Definition of Zakat:
Zakat is one of the five pillars of Islam. It’s a financial act of worship aimed at distributing wealth among members of the Muslim community. This distribution ensures economic balance, equity, and provides support to the needy and impoverished.
Types of Zakat:
Zakat on Wealth (Zakat Al-Mal): This involves paying a specific percentage of one’s wealth after a lunar year has passed.
Fitr Zakat (Zakat Al-Fitr): This is given at the end of the fasting month of Ramadan, before the Eid prayer.
Zakat on Agricultural Produce: This is due on crops and fruit harvests.
Zakat on Buried Treasure (Zakat Al-Rikaz): This pertains to treasure that is excavated from the earth.
How to Calculate Zakat on Wealth:
To compute your zakat, consider the following:
Nisab: This is the minimum threshold of wealth a Muslim must possess for zakat to be obligatory. Typically, the Nisab is calculated based on the weight of gold or silver.
The Passing of a Lunar Year: Zakat becomes obligatory after a full lunar year has passed over one’s wealth.
The zakat amount typically is 2.5% of the wealth retained over the lunar year.

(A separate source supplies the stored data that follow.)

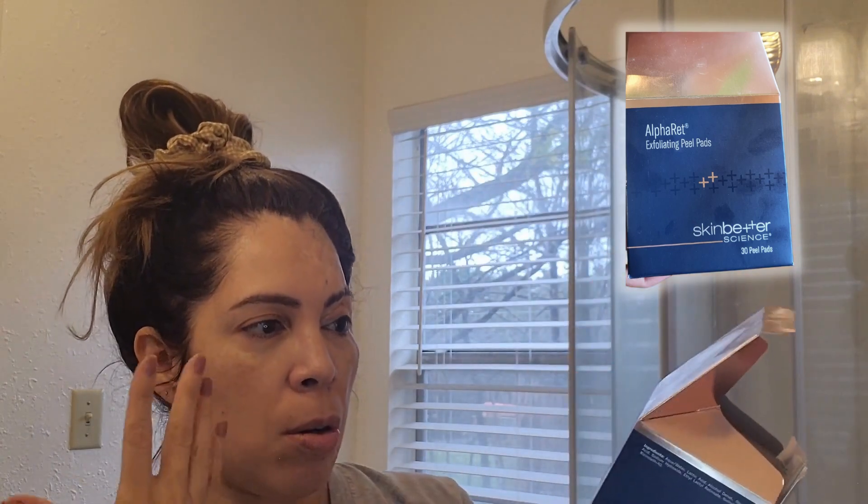They come in a box like this and they're individually wrapped — just little exfoliating peel pads. You can use them all over your face, even on your thighs if they're a little rough. You can cut them in half. I got a note from my dermatologist saying to use once a week. The box does say you can use up to three times a week, but for me once a week is fine. Because I also use tretinoin, she says I can use it after, and we also talked about getting a diamond glow.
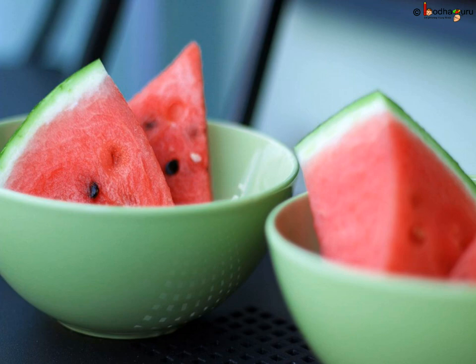A watermelon brought out of the refrigerator stays cool for a long time, and this is because it has very high water content. Water has very high specific heat, hence the temperature of the watermelon doesn't rise too quickly.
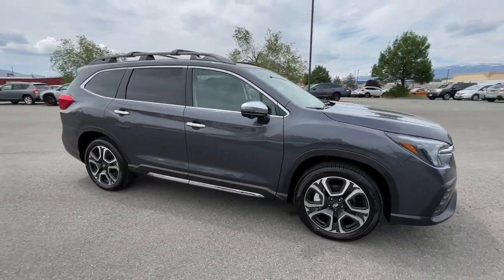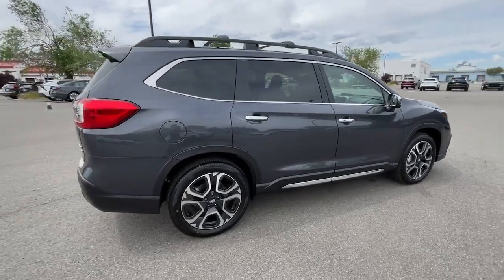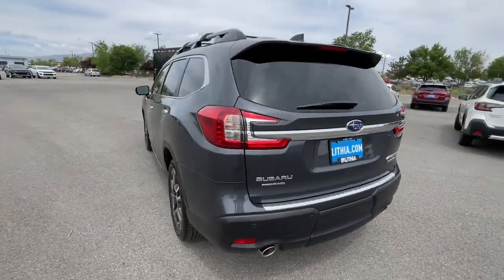Go home happy with the 2023 Subaru Ascent. Enjoy a view of this handsome Subaru Ascent, the family-oriented SUV that features all-wheel drive, three-row seating, and a refined cabin loaded with amenities.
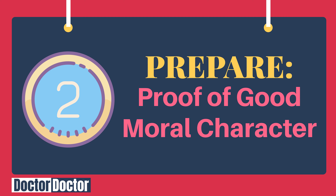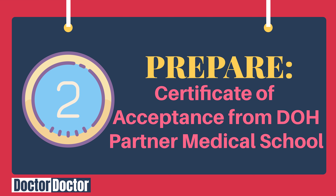Second, you need a proof of good moral character — yes, because we're going to be scholars, so good moral standing is required. Third, a Certificate of Acceptance from a DOH Partner Medical School. To emphasize: to be eligible for the DOH Scholarship, you must already be accepted into one of the 13 DOH Partner Medical Schools. That is the critical requirement — you cannot avail the DOH Scholarship from a non-partner medical school.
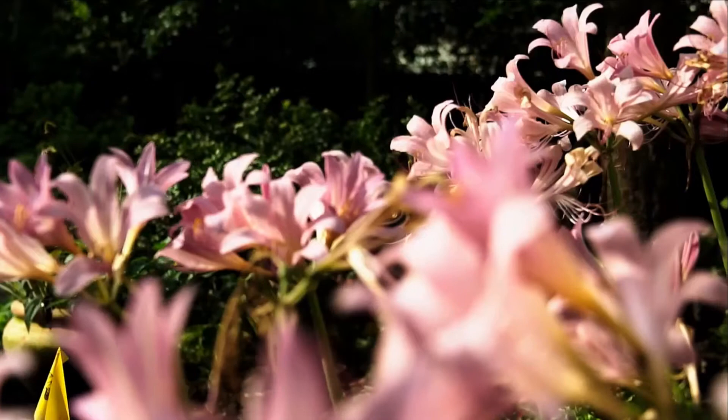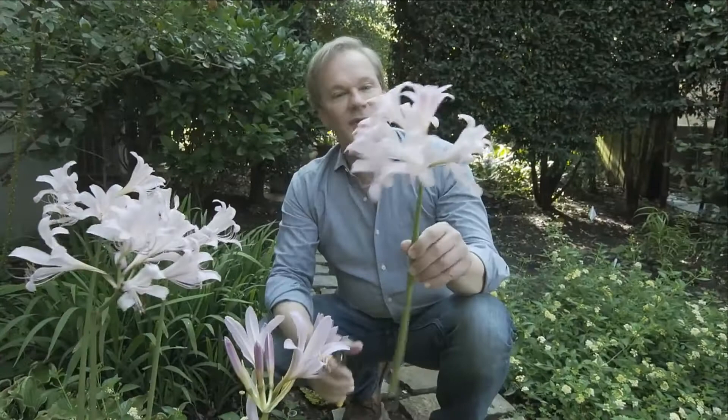You just need to make sure you plant them where they get plenty of sun. And the other thing that's great about them is they make a beautiful cut flower. So if you're not growing some of these, give them a try. You'll be glad you did.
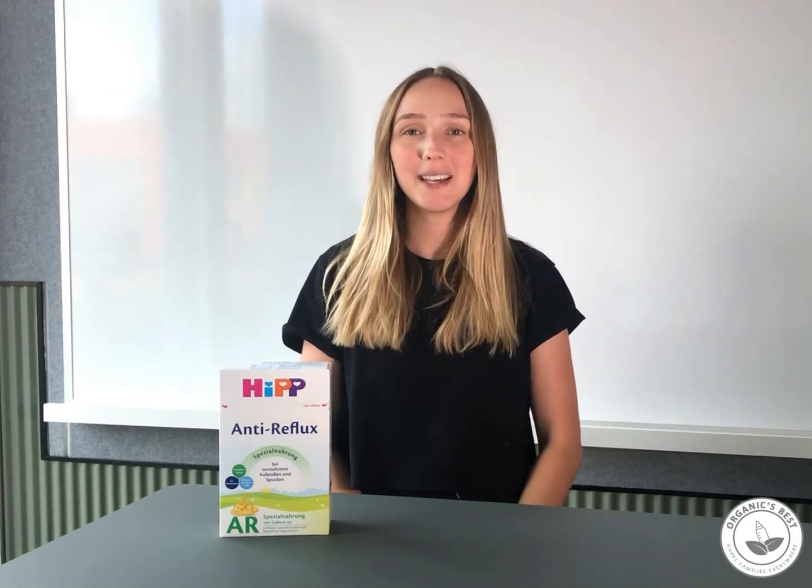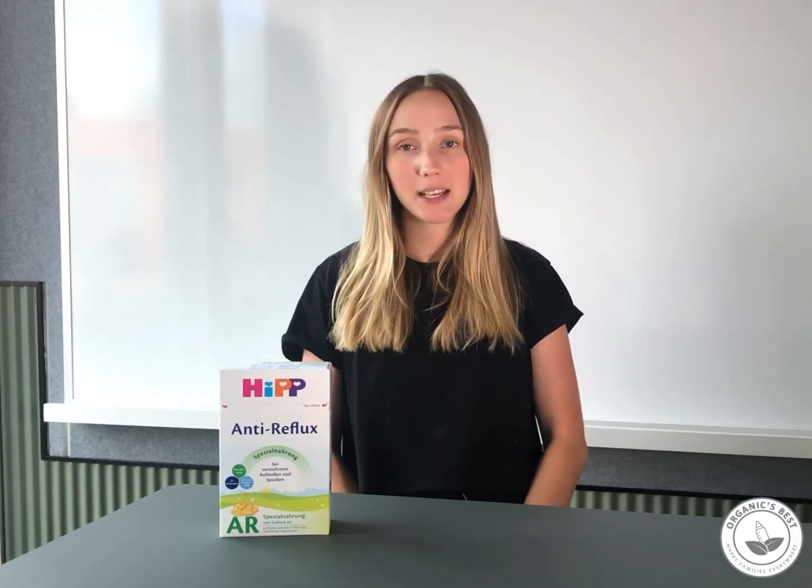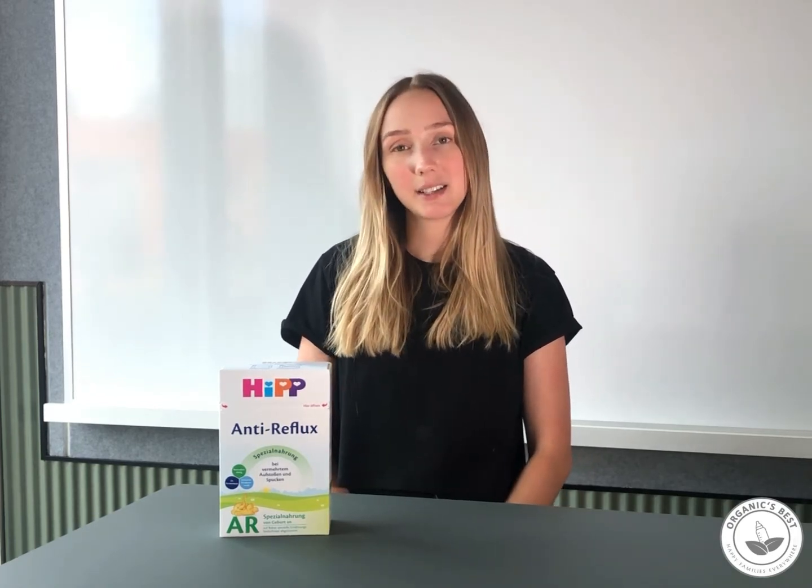HiPP Anti-Reflex is a special formula that is part of the HiPP German product family. It contains important micronutrients, valuable fatty acids, and a natural lactic acid culture that has originally been derived from breast milk.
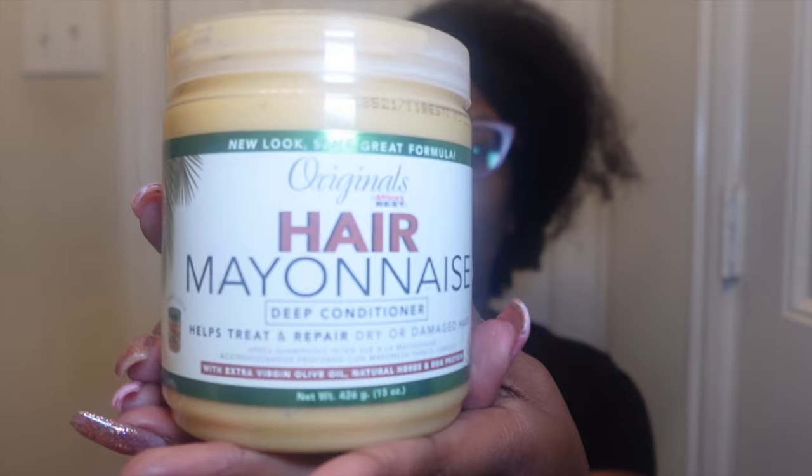They recommended comparing Africa's Best hair mayonnaise with the Vitale hair mayonnaise, and I have actually been eyeing the Vitale product. So this is what we have: we have the Originals Africa's Best Hair Mayonnaise — y'all, I have a separate video on this, I've used this product several times, I have no problems with it, I absolutely love it. Then we have the Vitale Olive Oil Hair Mayonnaise.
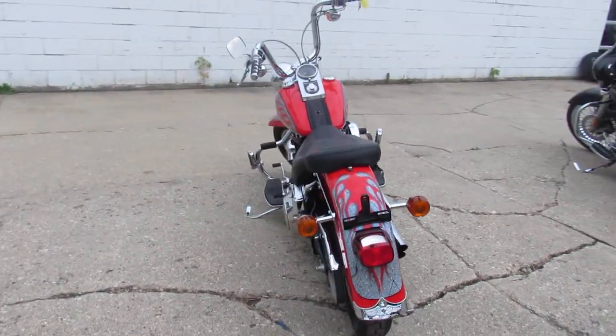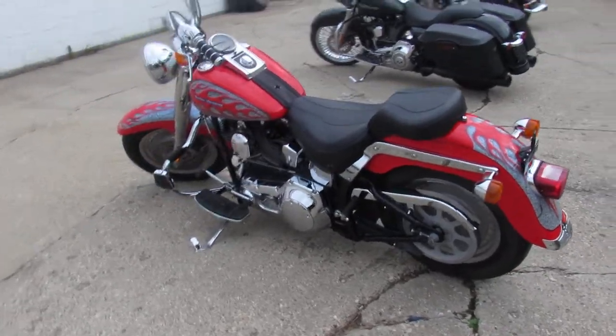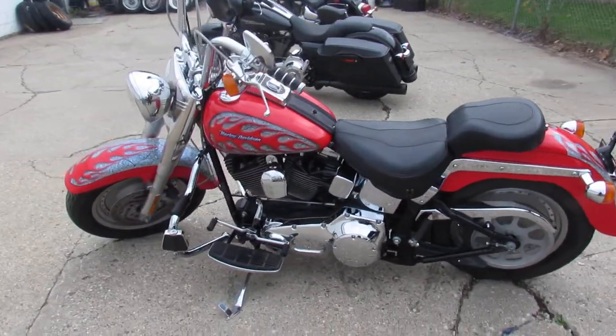That sounds great, guys. Don't miss this one. That's a 2001 Fatboy, only 24,000 miles.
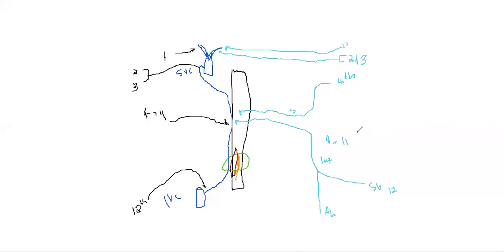The azygous system can also originate from the inferior vena cava, or from the subcostal and ascending lumbar veins, or from the renal vein — there are variations. That covers the course of the nerves, the arteries, and the veins. If you have an easier way to remember this, please share in the comment section below. If you enjoyed the video or have questions, let me know. That's it from me, guys. Thank you.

Who are the Recipients of Zakat?
The Quran mentions in Surah At-Tawbah (9:60) the eight categories of people eligible to receive zakat. They are: the poor, the needy, zakat administrators, those whose hearts are to be reconciled, those in bondage, those in debt, in the cause of Allah, and the wayfarer.
In the context of allocating zakat for education, Sheikh Abdullah bin Baz has indicated in a fatwa the permissibility of this, especially considering prevailing circumstances and the pressing need to support education, especially for orphans and the poor.
In conclusion, zakat is a financial worship aiming to establish economic balance and assist those in need within the community.